The majority of studies analyzed in this review used RXTs, which as previously stated are the most appropriate for these types of studies, especially if sample sizes are small. The procurement of a suitable QAT for these studies proved very challenging, which was not that surprising considering that the acquiring of a suitable QAT for rating RXT's can often be problematic, especially as there is a large heterogeneity in the reporting of RXTs, possibly reflecting the lack of standards with the field (25). It was decided that a revised version of “The Cochrane Collaboration's tool for assessing risk of bias” would be more suitable for these studies, especially as the design of this tool allowed scope for modification of the tool to make it more specific to these type of RXT studies. This strategy, recommended by Moher et al. (26), has been adopted by previous researchers who have conducted systematic reviews (6,14,19).

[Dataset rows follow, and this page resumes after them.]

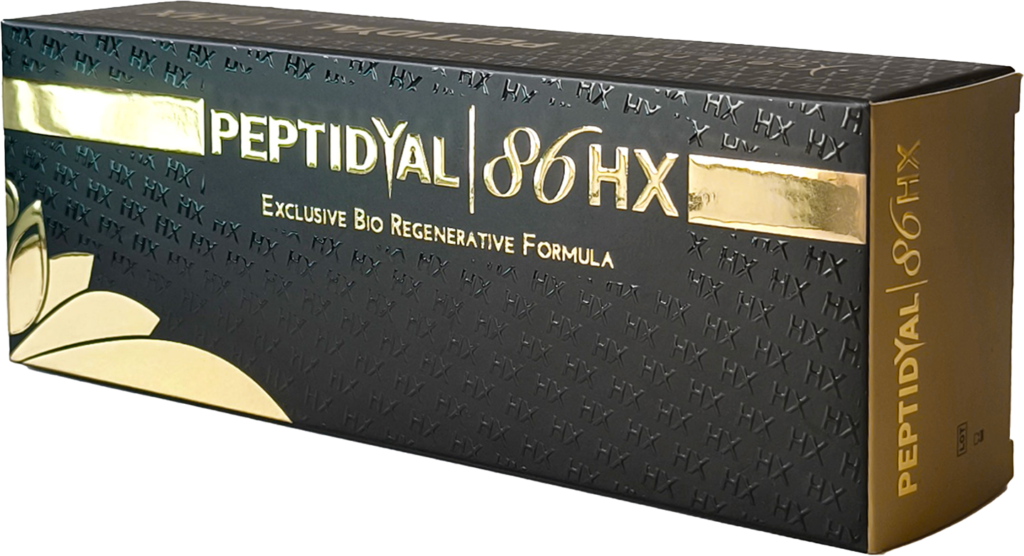 Peptidyal 86 HX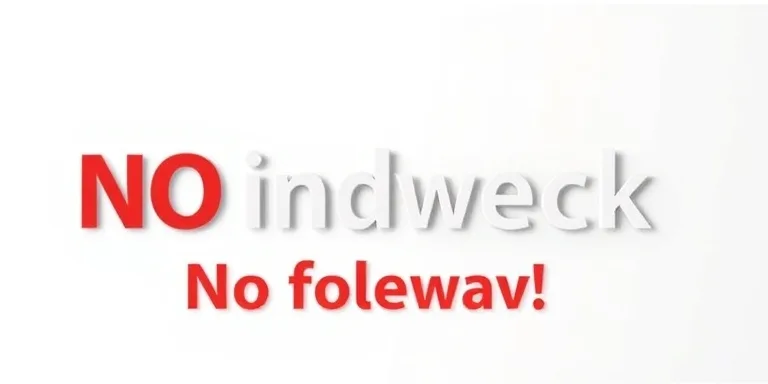 Noindex Nofollow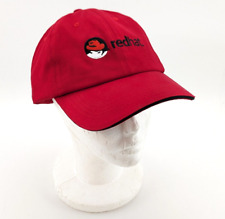 Red Hat Linux Baseball Hat New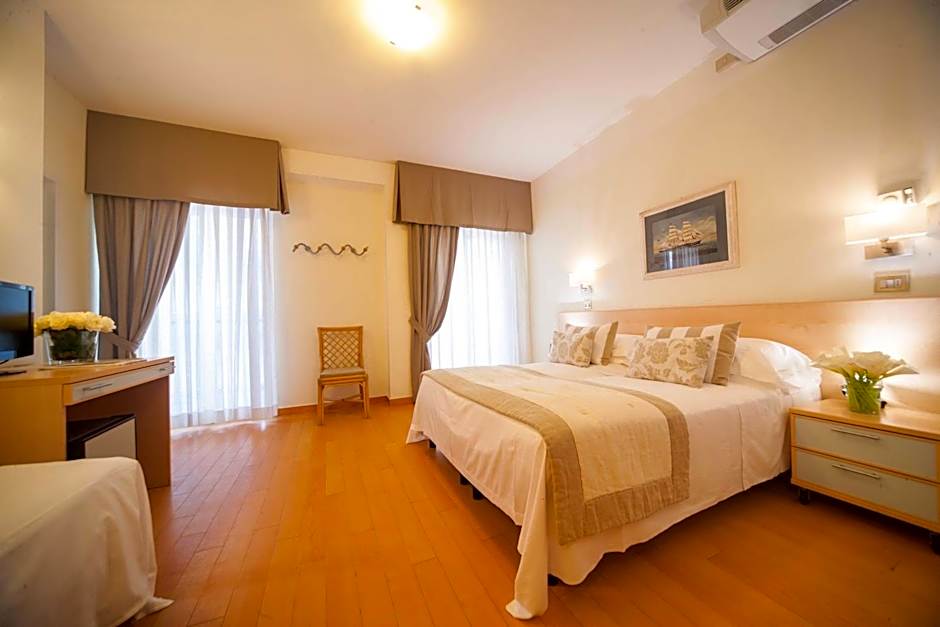 Hotel Mon Cheri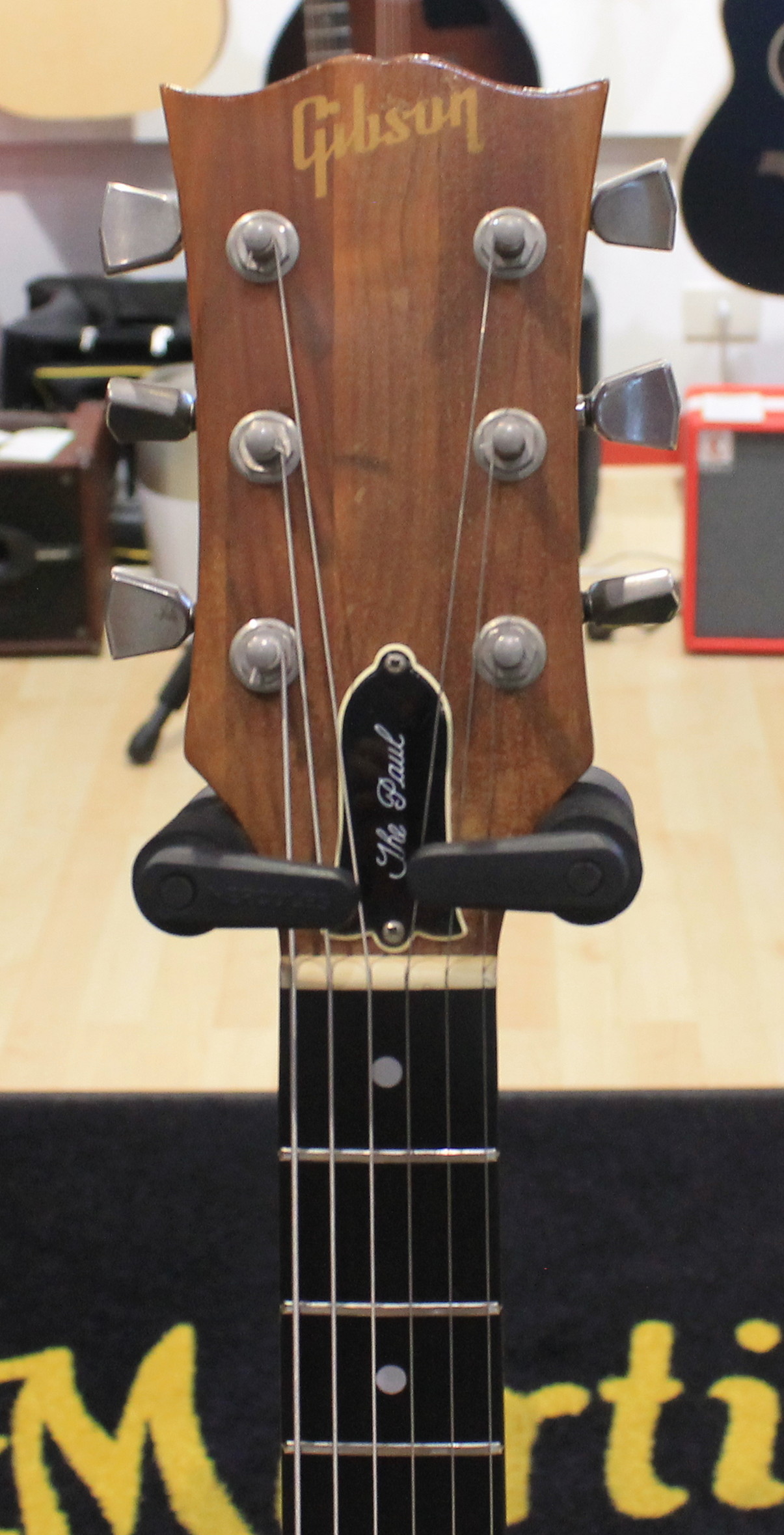 Gibson The Paul 1980 USATO cod. 59522 - immagine 7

Regarding the overall findings of the 13 studies, 9 found a positive effect for NMES for at least one of the outcome variables measured. However, of these 9 studies, a positive effect for a performance parameter outcome measure was only found in only 2 studies (35,36), one of which was rated by the investigators as having a high risk of bias (weak quality rating), with the other study rating as an unclear risk (medium quality) because of several fundamental protocol issues found.
Four of the 9 mentioned studies (8,15,27,35) found that NMES had a positive BLa-lowing effect during the recovery intervention period compared with PAS recovery. Although the results of the meta-analysis showed that there were heterogeneity between studies and although there was a consistent trend for NMES to be associated with lower BLa vs. PAS, the sample sizes were small and the only significant effects were seen at 20 minutes. In addition, 2 of the aforementioned studies (8,27) did not perform a postintervention exercise bout to assess its effects on subsequent performance. This could raise a question over these results, especially as lowering BLa alone may not result in a subsequent performance enhancement. This is because, despite traditional viewpoints to the contrary, lactate is no longer viewed as a major contributor to muscle fatigue (1). In support of this view, 1 study (15) showed that, despite BLa decreasing significantly faster during the recovery intervention period with NMES compared with PAS recovery, there were no significant performance differences between both groups for the postrecovery intervention exercise bout.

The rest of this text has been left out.